Estonia, who currently holds the Council Presidency, has come up with a Presidency Compromise proposal regarding Articles 1, 2 and 10 to 16 of the proposal for a Directive on copyright in the Digital Single Market. When it comes to the most controversial provisions – Article 11 (ancillary copyright for press publishers) and Article 13 (upload filter obligation for online platforms) – the Presidency has yet to agree on a common approach. Instead, for both provisions it presents two options.
Article 11 – Press Publishers’ Right: Two Contrasting Solutions
On Article 11, ‘Option A’ essentially mirrors the text proposed by the Commission on a new ancillary copyright for press publishers. We oppose this idea because it will severely impact free expression and the availability of information without helping publishers replace lost advertising revenues for traditional press publishers. Instead, we strongly support ‘Option B’, which proposes to improve the ability of press publishers to act against infringing uses of their publications by providing them with a presumption of representation in court. The latter option would provide an effective enforcement solution to an enforcement problem. Despite this rather positive alternative that Member States are considering, these contrasting options demonstrate how divided Member States remain on this controversial issue.

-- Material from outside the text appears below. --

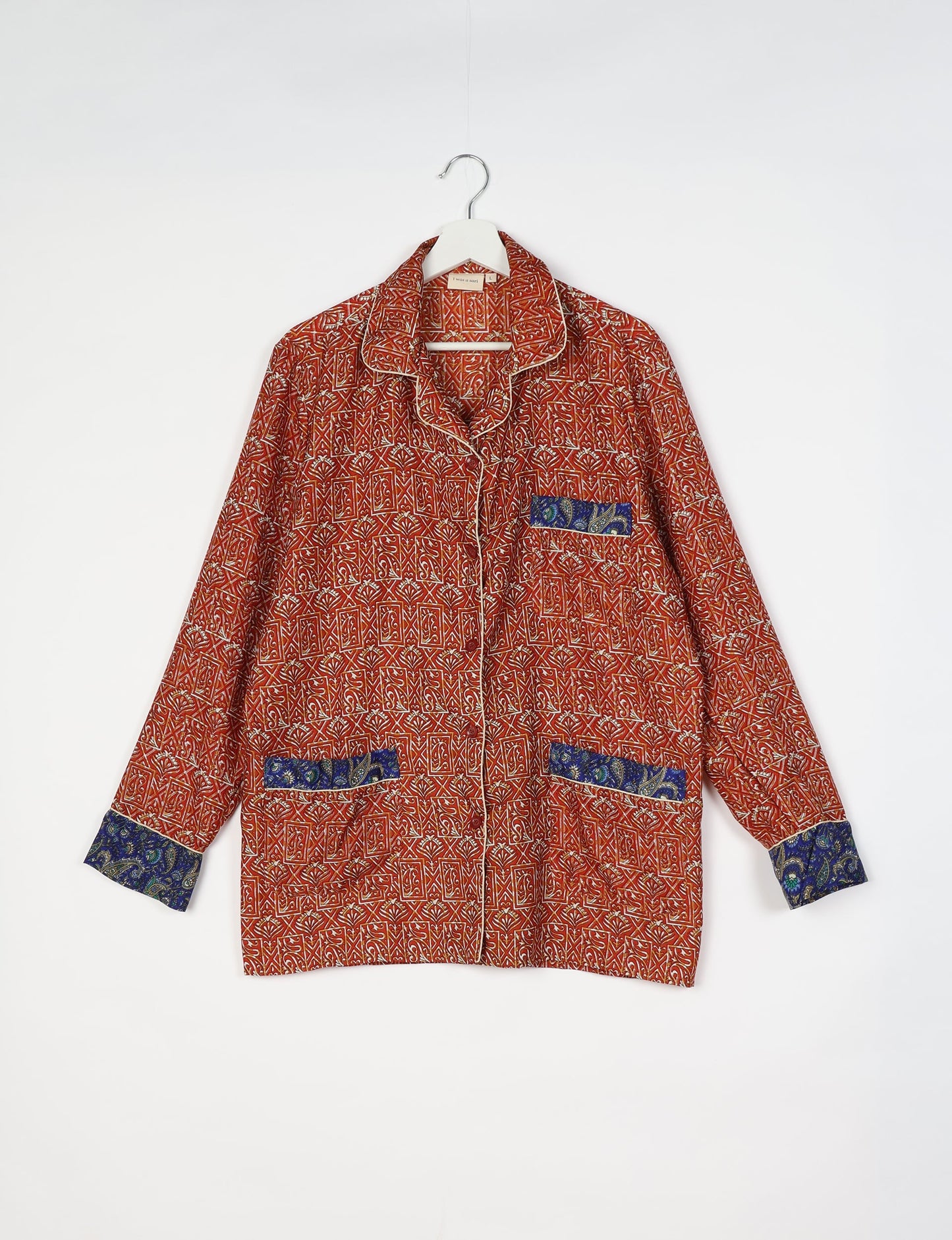 Chic long-sleeve pajama set made from recycled materials, representing eco friendly products, repurposed clothing, and zero waste clothing in green fashion.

Article 13 – Upload Filter Obligation: Two Sides of the Same Coin
The alternative options put forward on Article 13 are equally unappealing. As proposed by the Commission, Article 13 would force internet intermediaries to use content identification technology to prevent users from uploading unlicensed copyrighted content. ‘Option A’ keeps the requirement to use upload filters, but does away with the reference to “content recognition technologies”. This does not change much, since how in practice does an online platform go about “prevent[ing] an availability” of copyright infringement without filtering all content that is uploaded by users? ‘Option B’ is even more problematic. This alternative attempts to clarify what constitutes “an act of communication” to the public, clearly establishing that in case of copyright infringement, liability lies with the online hosting platforms that “optimise” uploaded content, as well as their users. All in all, the current Presidency is endorsing the Commission’s plan on imposing censorship filters. This clearly undermines the intermediary liability provisions enshrined in the E-commerce Directive, which remain essential in maintaining a free and open internet.
Six Member States Question Legality of Article 13
Another leaked document that emerged after the summer is a ‘non-paper’ on behalf of six Member States (Belgium, the Czech Republic, Finland, Hungary, Ireland and the Netherlands). The document raises a series of important questions addressed to the Council Legal Service on the legality of the Commission’s proposed Article 13 and accompanying recitals. The Member States ask about the compatibility with fundamental rights in the EU Charter and the E-Commerce Directive. Leading academics asked these questions months ago, and it is heartening to see Member States seeking clarity on them. But is is unfortunate that the Estonian Presidency issued its compromise proposals despite the fundamental concerns of several Member States.
This latest round of developments at Council level demonstrates that there is still a lot of work to do for Member States to reach a compromise agreement, and to do so in the right direction. Yet it is crucial for the questions of legality to be answered thoroughly and based solely on legal considerations before taking any final position on Article 13. Doing otherwise would send the wrong message to European citizens on the importance of their fundamental rights.